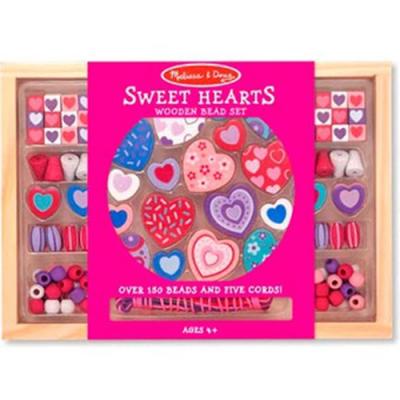 Набор для творчества Melissa&Doug бусинки "Сердечки" (MD4175)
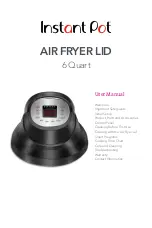 Instant Pot AIR FRYER LID User Manual предпросмотр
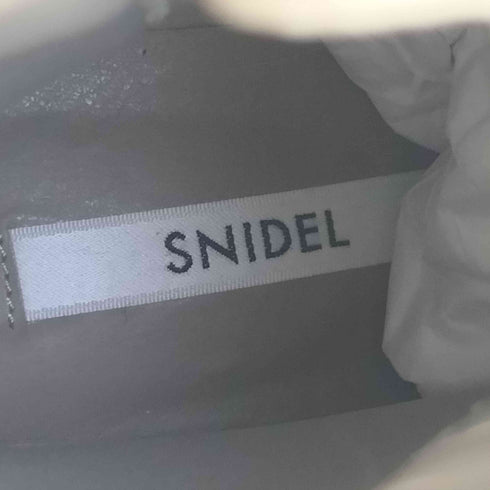 スナイデル snidel vibramレースアップショートブーツ レディース JPN:23.5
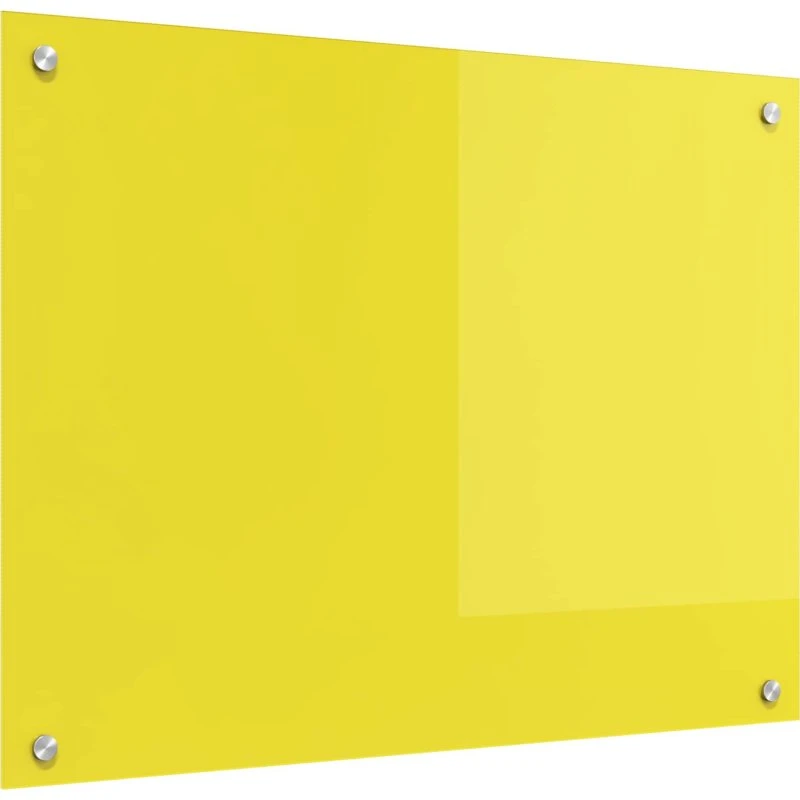 vidaXL Køkkenbacksplash Gul 80x60 cm hærdet glas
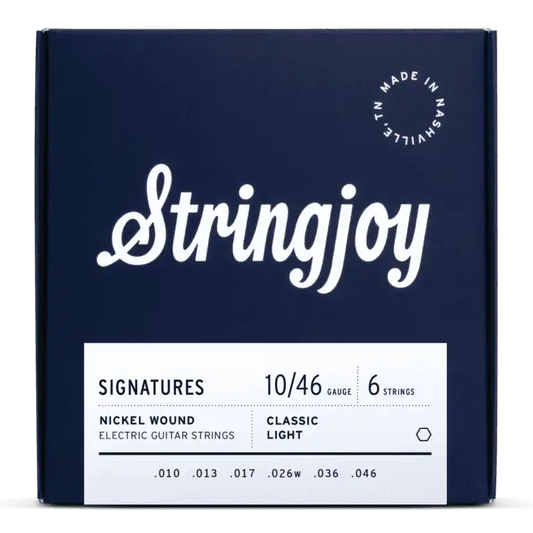 Stringjoy Signatures Classic Light Gauge (10-46) Nickel Wound Electric Guitar Strings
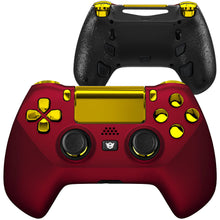 Load image into Gallery viewer, HEXGAMING HYPER Controller for PS4, PC, Mobile - Scarlet Red Gold

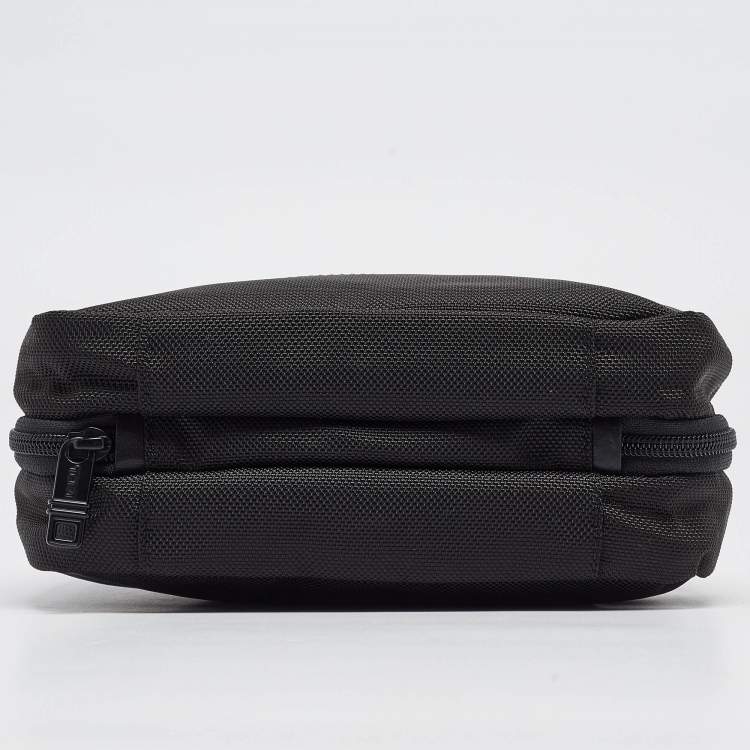 Pre Owned TUMI Black Nylon Alpha 2 Split Travel Kit Pouch
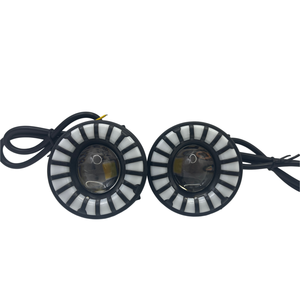 V59B 12V 20W universale RGB Halo <span class=keywords><strong>Angel</strong></span>/<span class=keywords><strong>Devil</strong></span> Eye faretto faro moto/Scooter con fendinebbia bianco/giallo - Product Image 1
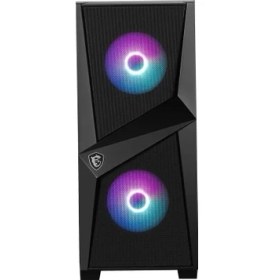 Resim Starseven Msi Mag Forge 100R Temperli Cam Argb Psu Yok 2X120MM 1X120MM Gaming Atx Kasa Si̇yah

....

Exercise prompt
A verbatim copy of every record is required, with all pictures excluded.

Task result
 Набор для творчества Melissa&Doug бусинки "Сердечки" (MD4175)
 Instant Pot AIR FRYER LID User Manual предпросмотр
 スナイデル snidel vibramレースアップショートブーツ レディース JPN:23.5
 vidaXL Køkkenbacksplash Gul 80x60 cm hærdet glas
 Stringjoy Signatures Classic Light Gauge (10-46) Nickel Wound Electric Guitar Strings
 Load image into Gallery viewer, HEXGAMING HYPER Controller for PS4, PC, Mobile - Scarlet Red Gold

 Pre Owned TUMI Black Nylon Alpha 2 Split Travel Kit Pouch
 V59B 12V 20W universale RGB Halo <span class=keywords><strong>Angel</strong></span>/<span class=keywords><strong>Devil</strong></span> Eye faretto faro moto/Scooter con fendinebbia bianco/giallo - Product Image 1
 Resim Starseven Msi Mag Forge 100R Temperli Cam Argb Psu Yok 2X120MM 1X120MM Gaming Atx Kasa Si̇yah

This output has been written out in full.